For the most part, feedback was positive. Almost all the emails and calls I received started like this: “For the most part, I agree with you, but …”
The most frequent comment was that increasing the minimum wage is unlikely to solve the larger wage disparity problem. And there is merit to that argument. As one technology manager pointed out, it's simple economics. Raising wages without raising prices creates unemployment, which exacerbates the problem.
But are we really putting tellers and call center reps in the same category as fast food workers? If your credit union cross-selling skills are on par with the stereotypical drive-thru lane “you want fries with that” pitch, it might explain why you didn't make your growth numbers last year.
I actually received a few McDonald's analogies. One reader pointed out that talent is a huge shortcoming in many credit unions, especially when it comes to frontline employees. Those jobs are kind of like working at Mickey D's, but without the greasy smell.
“Working the drive-up window is not a career,” he said. “The economics of the situation just don't allow for much of a career wage for most.”
That's too bad, because credit unions (and banks and insurance carriers and many other financial services providers) expect frontline employees to deliver products and services while complying with increasingly complex regulations, and do so while achieving sales goals.
Now, as a few commenters pointed out, $13 an hour isn't bad scratch for a part-time employee or someone working a second job. Yes, plenty of frontline employees are part-timers, often college students who are living at home or receiving additional income from financial aid. But aren't they worth more than their fellow students who shuffle off to less demanding jobs that don't even require business casual dress or a background check?
The outlook for frontline employees working full-time and attempting to support families on $13 an hour is a much graver concern. And it was with these folks that almost everyone sympathized.
I was so pleased to hear about the programs some credit unions provide to employees to help them improve their own financial situations while helping members do the same. Tuition reimbursement plans are popular; I recall some co-workers finishing bachelor's degrees and earning MBAs thanks to such a benefit.
As one reader pointed out, a couple of basis points, waived fees and shared organizational expertise subtract little from the bottom line and reap larger dividends in the long term.
There is another thing credit unions can do.
Just increase the ding dang wages.
But only if your call center employees produce enough revenue to justify it.
At $13 an hour with another 20% added on for benefits, payroll taxes and other expenses, the average call center rep costs about $32,500 annually.
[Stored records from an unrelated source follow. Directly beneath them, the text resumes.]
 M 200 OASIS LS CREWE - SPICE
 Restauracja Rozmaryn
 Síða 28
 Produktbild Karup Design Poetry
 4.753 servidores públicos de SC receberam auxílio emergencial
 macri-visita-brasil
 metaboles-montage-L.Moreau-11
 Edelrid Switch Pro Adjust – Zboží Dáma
Add on another 20% to maintain an 80% efficiency ratio, and you’re looking at $40,600.
Now, let's assume this call center employee is trained to cross sell auto loans, take applications over the phone and give some basic loan approvals. Maybe the employee even does some loan processing.
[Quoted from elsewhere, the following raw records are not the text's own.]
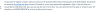 Screenshot 2021-06-12 at 22.57.04.png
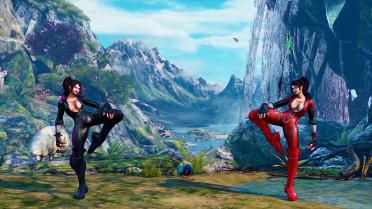 Juri Goth Suit Bo Pi Ta Ey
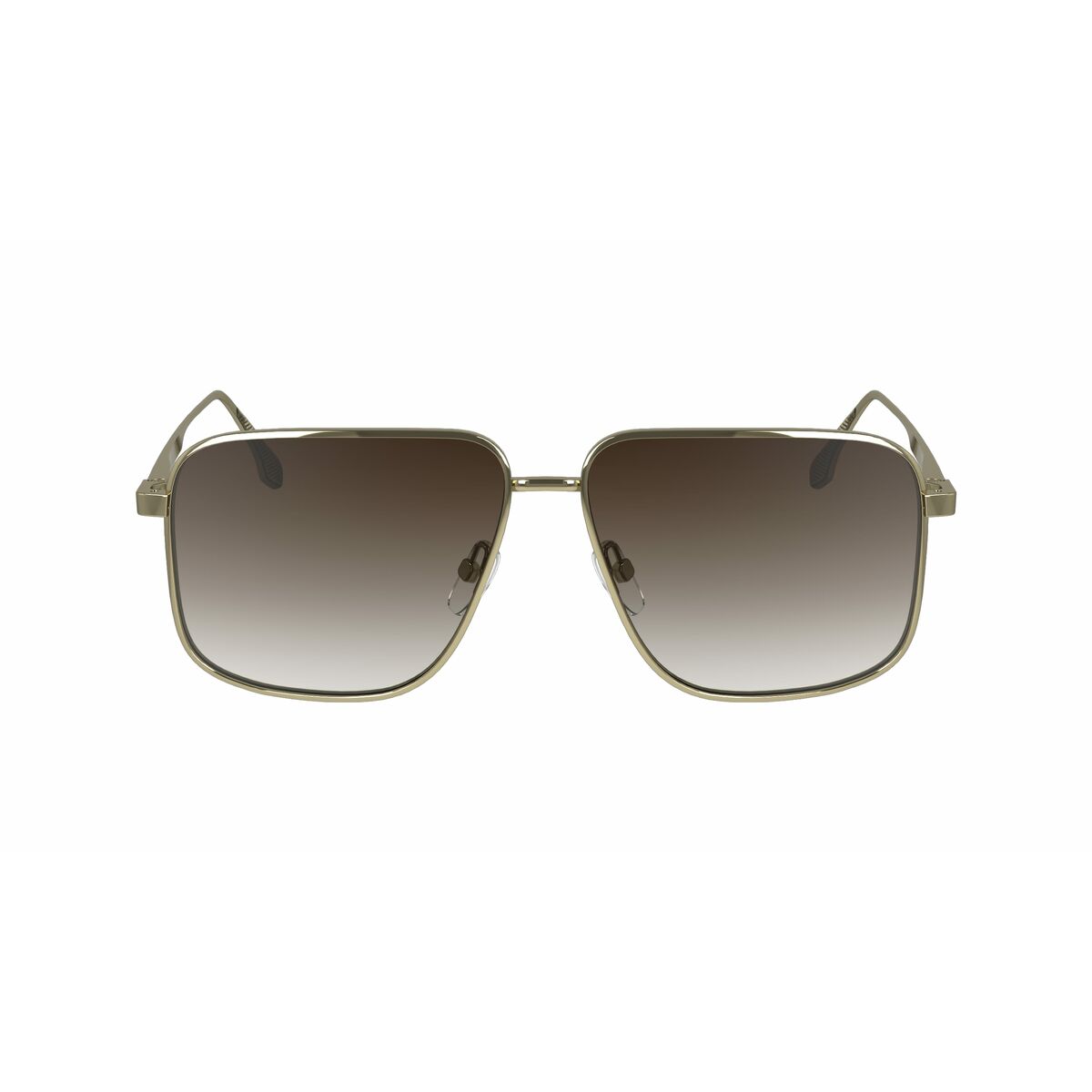 Image secondaire de Lunettes de soleil Femme Victoria Beckham VB243S-5713702 ø 57 mm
Let's assume the average auto loan earns a spread of 1.25%, which includes cost of funds, loan loss reserves and other variable underwriting expenses.
At a 1.25% spread, the call center rep would need to book $3.25 million in new average outstanding loan balances annually to break even on his or her employment expenses. That breaks down to about $25,000 per day.
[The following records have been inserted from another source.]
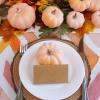 Winlyn 12 Pcs Assorted Orange Harvest Artificial Pumpkins Small Decorative Fall Pumpkins Dark Orange Faux Foam Pumpkins for Halloween Thanksgiving Autumn Wedding Decor Bowl Display Wreath Centerpiece(Light Orange)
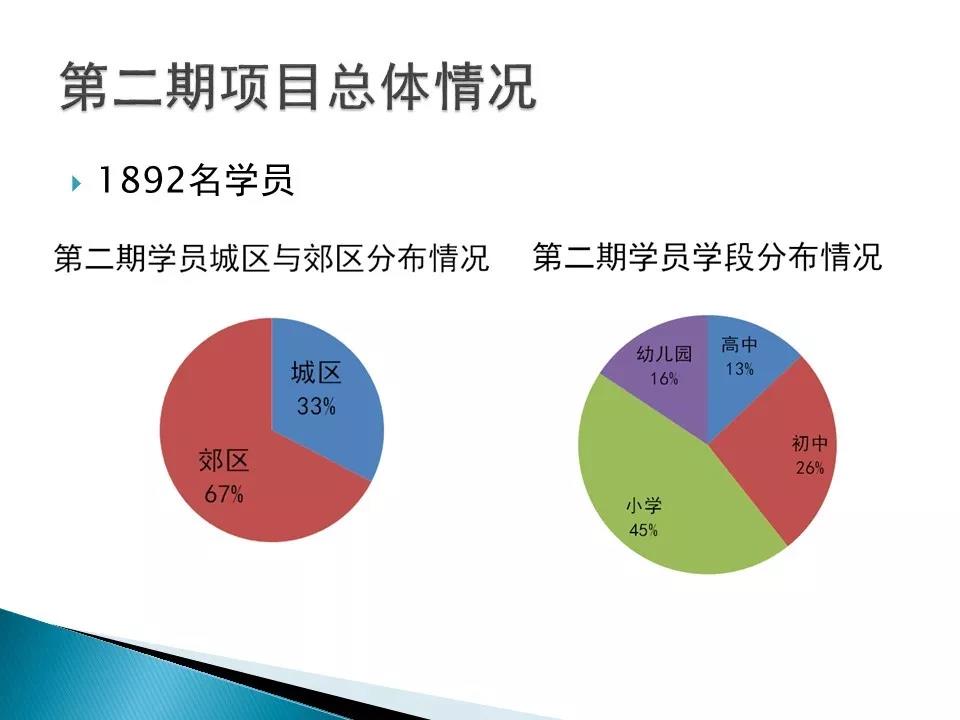 微信图片_20190929085639.jpg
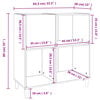 Produkt-Miniaturbild 9 von 10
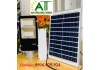Thumb https://attlighting.com/thumb-400x300-2/img_data/images/159968513995_Den-duong-Led-100W-NLMT-roi-the.jpg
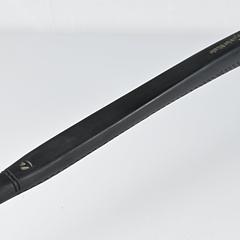 Taylormade Tpi-21 Putter / 32 Inch - Image 6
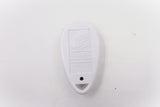 Gliderol TM390+ GEN2 Genuine Blue Button Remote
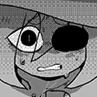 sif_scared sif_scared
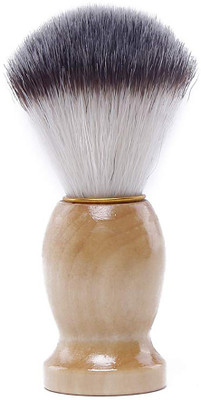 

Futurekart HC524-FF Shaving Brush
I don't know how busy your call center is, but $25,000 per day might be a stretch, especially at credit unions with low loan demand.
Double that call center wage to $26 an hour, where an employee could start qualifying for products like a mortgage loan, and you’re looking at a daily goal of $50,000.
If your call center reps book $50,000 in new loans every day for just $13 an hour, it's time to give them a raise.
If they book less than $25,000 a day, you should probably consider restructuring your operations. Forget about the call center; you might soon find yourself in the unemployment line.